RE: Usability Professionals and Technical Communicators

Subject: RE: Usability Professionals and Technical Communicators
From: Chris Borokowski <athloi -at- yahoo -dot- com>
To: techwr-l <techwr-l -at- lists -dot- techwr-l -dot- com>
Date: Wed, 14 Nov 2007 10:38:04 -0800 (PST)

Usability experts tend to be interaction designers, who are people who
come from an interface design background, which is itself a subset of
the visual design portion of industrial design. We've always had
usability experts, just sometimes they looked like Charles and Ray
Eames and didn't use computers.

Technical writers have a lot of overlap with this, but mostly because
we have to think about the same issues from the same perspective. In
addition, many technical writers have backgrounds in visual design (or
so I've found). If you are a technical writer who thinks about
interface design and has made a website or two, you have the basics of
usability under your belt.

However, as Peter Nelson pointed out, having "the basics" of something
can make someone an annoying coworker because they are detached from
the finer points of a task and understanding its background.
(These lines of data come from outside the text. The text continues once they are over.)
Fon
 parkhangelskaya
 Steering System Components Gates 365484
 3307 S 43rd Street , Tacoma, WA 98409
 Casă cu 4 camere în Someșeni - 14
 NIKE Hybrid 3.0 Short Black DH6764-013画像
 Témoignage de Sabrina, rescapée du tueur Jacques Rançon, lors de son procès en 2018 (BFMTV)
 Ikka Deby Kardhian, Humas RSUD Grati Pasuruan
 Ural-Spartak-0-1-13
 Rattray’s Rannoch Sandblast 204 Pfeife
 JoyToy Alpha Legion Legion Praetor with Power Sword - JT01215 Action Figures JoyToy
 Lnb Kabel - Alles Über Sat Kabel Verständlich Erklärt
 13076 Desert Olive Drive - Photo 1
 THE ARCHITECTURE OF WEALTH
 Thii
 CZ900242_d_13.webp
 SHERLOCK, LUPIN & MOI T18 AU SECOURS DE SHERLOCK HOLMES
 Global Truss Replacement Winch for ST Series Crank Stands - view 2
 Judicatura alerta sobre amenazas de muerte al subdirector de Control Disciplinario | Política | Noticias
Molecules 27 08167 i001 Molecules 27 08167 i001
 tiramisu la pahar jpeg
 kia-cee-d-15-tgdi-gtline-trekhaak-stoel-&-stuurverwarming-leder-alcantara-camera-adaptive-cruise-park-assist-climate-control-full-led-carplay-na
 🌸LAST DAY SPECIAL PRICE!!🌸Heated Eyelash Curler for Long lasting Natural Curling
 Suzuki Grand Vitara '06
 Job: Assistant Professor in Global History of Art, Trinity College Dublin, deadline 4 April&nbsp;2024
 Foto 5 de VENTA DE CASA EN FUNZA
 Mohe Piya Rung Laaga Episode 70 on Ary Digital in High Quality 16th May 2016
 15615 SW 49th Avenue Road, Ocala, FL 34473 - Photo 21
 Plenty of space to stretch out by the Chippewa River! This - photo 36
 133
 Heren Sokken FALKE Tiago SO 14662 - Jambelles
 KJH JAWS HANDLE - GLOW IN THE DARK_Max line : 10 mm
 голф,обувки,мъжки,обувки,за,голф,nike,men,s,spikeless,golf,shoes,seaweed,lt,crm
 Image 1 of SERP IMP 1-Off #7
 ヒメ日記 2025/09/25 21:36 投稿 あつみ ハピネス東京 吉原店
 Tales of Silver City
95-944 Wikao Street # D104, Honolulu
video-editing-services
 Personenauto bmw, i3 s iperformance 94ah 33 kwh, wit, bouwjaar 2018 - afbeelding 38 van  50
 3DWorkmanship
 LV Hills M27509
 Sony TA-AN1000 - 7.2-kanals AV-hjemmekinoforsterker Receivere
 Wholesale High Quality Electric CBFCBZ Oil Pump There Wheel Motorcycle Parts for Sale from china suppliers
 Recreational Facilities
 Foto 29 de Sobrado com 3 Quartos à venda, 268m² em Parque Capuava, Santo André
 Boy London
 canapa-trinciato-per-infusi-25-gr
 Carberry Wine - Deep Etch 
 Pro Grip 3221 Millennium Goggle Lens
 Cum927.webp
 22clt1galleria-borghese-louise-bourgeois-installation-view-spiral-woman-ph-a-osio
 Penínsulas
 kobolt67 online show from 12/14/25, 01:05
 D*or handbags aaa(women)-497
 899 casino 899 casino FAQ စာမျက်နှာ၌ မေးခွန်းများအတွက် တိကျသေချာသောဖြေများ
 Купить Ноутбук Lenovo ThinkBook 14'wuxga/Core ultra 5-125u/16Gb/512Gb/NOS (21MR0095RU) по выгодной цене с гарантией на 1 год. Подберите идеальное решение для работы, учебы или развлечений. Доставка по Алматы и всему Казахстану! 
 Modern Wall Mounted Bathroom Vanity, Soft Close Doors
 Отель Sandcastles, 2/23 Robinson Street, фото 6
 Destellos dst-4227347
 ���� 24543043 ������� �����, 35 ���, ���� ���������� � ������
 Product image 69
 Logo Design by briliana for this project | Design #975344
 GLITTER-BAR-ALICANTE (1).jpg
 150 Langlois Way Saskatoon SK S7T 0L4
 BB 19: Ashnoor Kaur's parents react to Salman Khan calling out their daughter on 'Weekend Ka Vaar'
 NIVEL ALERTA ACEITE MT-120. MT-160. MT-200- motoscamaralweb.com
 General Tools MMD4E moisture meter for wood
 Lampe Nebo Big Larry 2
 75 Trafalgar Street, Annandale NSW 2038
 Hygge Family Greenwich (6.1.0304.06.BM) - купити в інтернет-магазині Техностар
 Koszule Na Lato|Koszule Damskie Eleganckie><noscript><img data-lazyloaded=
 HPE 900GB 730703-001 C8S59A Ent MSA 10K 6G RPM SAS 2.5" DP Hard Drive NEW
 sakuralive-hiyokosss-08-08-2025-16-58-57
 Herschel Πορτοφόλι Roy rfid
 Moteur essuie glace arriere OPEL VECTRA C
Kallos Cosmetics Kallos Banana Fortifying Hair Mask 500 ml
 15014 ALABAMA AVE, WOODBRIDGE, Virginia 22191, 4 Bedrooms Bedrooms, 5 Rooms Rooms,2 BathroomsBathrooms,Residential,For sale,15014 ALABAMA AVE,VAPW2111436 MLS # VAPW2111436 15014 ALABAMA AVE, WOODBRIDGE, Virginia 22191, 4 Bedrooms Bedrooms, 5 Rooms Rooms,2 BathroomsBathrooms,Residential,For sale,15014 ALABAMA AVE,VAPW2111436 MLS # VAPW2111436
On the
other hand, having a degree in something does not make someone an
expert worth listening to, either, and most usability experts these
days do a terrible job of it.

I don't think usability requires a special mentality or much
background. You need to understand human psychology, and be able to
think from a user perspective without creating an unrepresentative
generic user perspective. Some of the best usability professionals I
know, although not "acknowledged leaders in their field" because they
have not sought the attention, were technical writers, a project
manager, and several developers.

Specialization is for insects.

--- Lauren <lauren -at- writeco -dot- net> wrote:

> It is true that usability expertise is a part of technical
> communication and
> that a usability professional should have writing ability. But is
> there is
> or is there not a difference between a technical communicator and a
> usability professional? I think that there is a difference, but
> those
> differences overlap each other. After following this thread, I still
> do not
> know the differences between the two professions, although I am
> convinced
> that there are two distinct professions.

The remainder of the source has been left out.